Globe St + Redfin: Fastest rent growth
Globe St reports using Redfin data on the top metros with the fastest-growing rents:
- Austin, TX (▲ 40%)
- Nassau County, NY (▲35%)
- NYC, NY (▲ 35%)
- Newark, NJ (▲ 35%)
- New Brunswick, NJ (▲ 35%)
Using Census data, Andrew DePietro of Forbes talks about the top cities where the share of renters has increased the most between 2014 and 2019:
- Frisco, TX (increase of 56%)
- Fishers, ID (53%)
- Palm Coast, FL (44%)
- McKinney, TX (43%)
- New Braunfels, TX (37%)
Freddie Mac recently released its 2022 Multifamily Outlook report showing the top and bottom 10 metros by gross income growth for 2022:
According to data a few weeks ago from Zillow, Tampa will be the hottest marketing in 2022. “Tampa is expected to rise from fourth-fastest home value growth in 2021 to fastest in 2022, Raleigh from third to second and Jacksonville from seventh to third.
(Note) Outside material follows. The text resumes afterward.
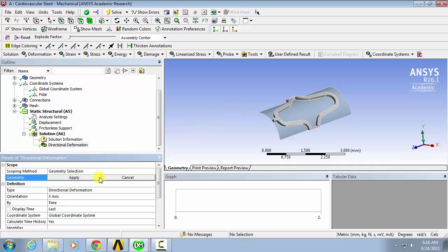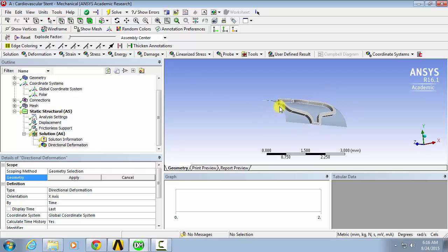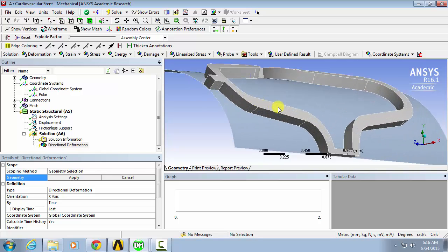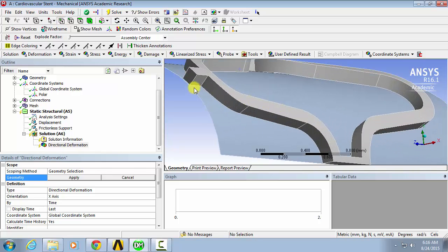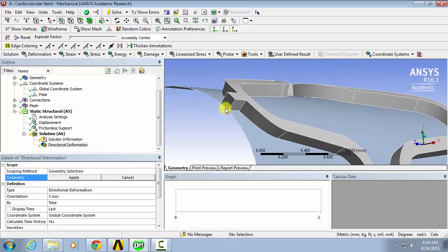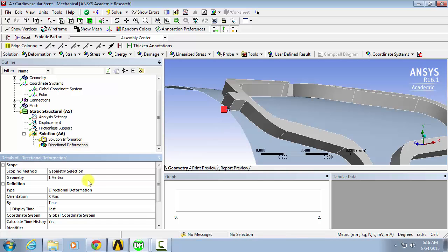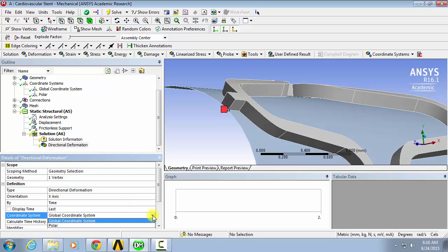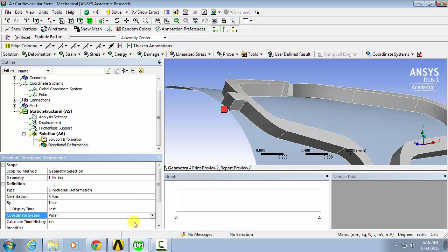Under geometry, we'll go to point selector and select either this vertex or this vertex on the stent. Apply, and then orientation is x-axis and polar coordinate system. So now we're reading the deformation along the radial direction.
The fastest-growing markets in 2021, Austin and Phoenix, are expected to fall to seventh and eighth, respectively.”
U-Haul released its 2021 migration data, showing growth markets that real estate investors should take note of, starting with Kissimmee-St. Cloud. Arrivals to this market jumped 31% last year as it took the top spot. Rounding out the rest of the list for top growth cities were Raleigh-Durham, NC in second place and Palm Bay-Melbourne, FL in third.
Finally, last week CrowdStreet released its 2022 Best Places to Invest report, which takes “all property types into account…But to make the top 20, a market must consistently rank highly across multiple real estate classes.”
“Although the multifamily market has held up well, many investors are still sitting on the sidelines. As the economy begins to recover and the pandemic is brought under control, institutional and value-add buyers should become much more active next year, with foreign buyers also increasing their investment activity in the US.”
“We expect the vacancy rate to improve in more than 40% of the markets we cover. In 2022, gateway and some Rust Belt markets are expected to see improving vacancy rates. The largest projected drops in vacancy are concentrated in the Northeast and Mid-Atlantic, such as Washington, D.C. (core) and Boston, where vacancy rates are expected to decline 160 and 130 bps, respectively.” – Steve Guggenmos, VP Research & Modeling, Freddie Mac
Texas and the Sunbelt markets had an especially good 2021, and look poised for another one. Arizona markets also feature prominently among the above lists. It’s important as we move into inflationary periods that as investors we are conscious that growth markets also see the highest levels of inflation. Keep a close eye on wages in your market, because if they don’t keep up then there will be downward pressure on NOIs and valuations.
This Week’s Top Headlines
- National home seller profits sat at $94,092 in 2021, up 71% from 2019 – Realtor
- Commercial property sales sat at $809 billion for 2021, nearly double 2020’s total, and surpassed the previous 2019 record of $600 billion – WSJ
- Blackstone doubled its net income to $2.9 billion from $1.8 billion in Q4 2021, with its CEO stating “Today Blackstone reported the most remarkable results in our history on virtually every metric” – TRD
- The Fed is poised to move forward with a rate increase in the next few months – RISMedia
- As such, consumers are locking in rates. Mortgage refinance applications jumped 18% week-over-week but is still 50% lower than the same time last year – CNBC
- National median rent jumped to $1,781 in December 2021, capping a 10.1% annual rent growth last year. Miami, Tampa, and Orlando, saw gains of 34% or more – Realtor
- In the coming weeks, Goldman Sachs will unveil its plans to bring employees back into the office – TRD
The markets with the most inward migration tend to have higher inflation, according to new data from Redfin. The influx of people puts upward pressure on costs such as housing, utilities, and transportation.